StAX Parser - Overview


StAX is a JAVA based API to parse XML document in a similar way as SAX parser does. But there are two major points of difference between the two APIs −

  • StAX is a PULL API whereas, SAX is a PUSH API. It means in case of StAX parser, the client application needs to ask the StAX parser to get information from XML whenever it needs but in case of the SAX parser, client application is required to get information when the SAX parser notifies the client application that information is available.

  • StAX API can read as well as write XML documents. Using SAX API, xml can be only read.

Following are the features of StAX API −

  • Reads an XML document from top to bottom, recognizing the tokens that make up a well-formed XML document.

  • Tokens are processed in the same order as they appear in the document.

  • Reports the application program on the nature of tokens that the parser has encountered as they occur.

  • The application program provides an "event" reader which acts as an iterator and iterates over the event to get the required information. Another reader available is the "cursor" reader which acts as a pointer to xml nodes.

  • As the events are identified, xml elements can be retrieved from the event object and can be processed further.

When to use?

You should use a StAX parser when −

  • You can process the XML document in a linear fashion from top to bottom.

  • The document is not deeply nested.

  • You are processing a very large XML document the DOM tree of which will consume too much memory.

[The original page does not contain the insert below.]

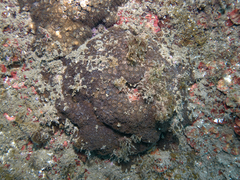 Cladocora caespitosa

Typical DOM implementations use ten bytes of memory to represent one byte of XML.

  • The problem to be solved involves only part of the XML document.

  • Data is available as soon as it is seen by the parser, so StAX works well for an XML document that arrives over a stream.

Disadvantages of SAX

  • We have no random access to an XML document since it is processed in a forward-only manner.

  • If you need to keep track of data the parser has seen or change the order of items, you must write the code and store the data on your own.

XMLEventReader Class

This class provides the iterator of events which can be used to iterate over events as they occur while parsing the XML document

  • StartElement asStartElement() − Used to retrieve value and attributes of element.

  • EndElement asEndElement() − Called at the end of an element.

  • Characters asCharacters() − Can be used to obtain characters such as CDATA, whitespace, etc.

XMLEventWriter Class

This interface specifies methods for creating an event.

  • add(Event event) − Adds event containing elements to XML.

XMLStreamReader Class

This class provide iterator of events which can be used to iterate over events as they occur while parsing the XML document

  • int next() − Used to retrieve next event.

  • boolean hasNext() − Used to check further events exists or not

  • String getText() − Used to get text of an element

  • String getLocalName() − Used to get name of an element

XMLStreamWriter Class

This interface specifies methods for creating an event.

  • writeStartElement(String localName) − Adds start element of a given name.

  • writeEndElement(String localName) − Adds end element of a given name.

  • writeAttribute(String localName, String value) − Writes attribute to an element.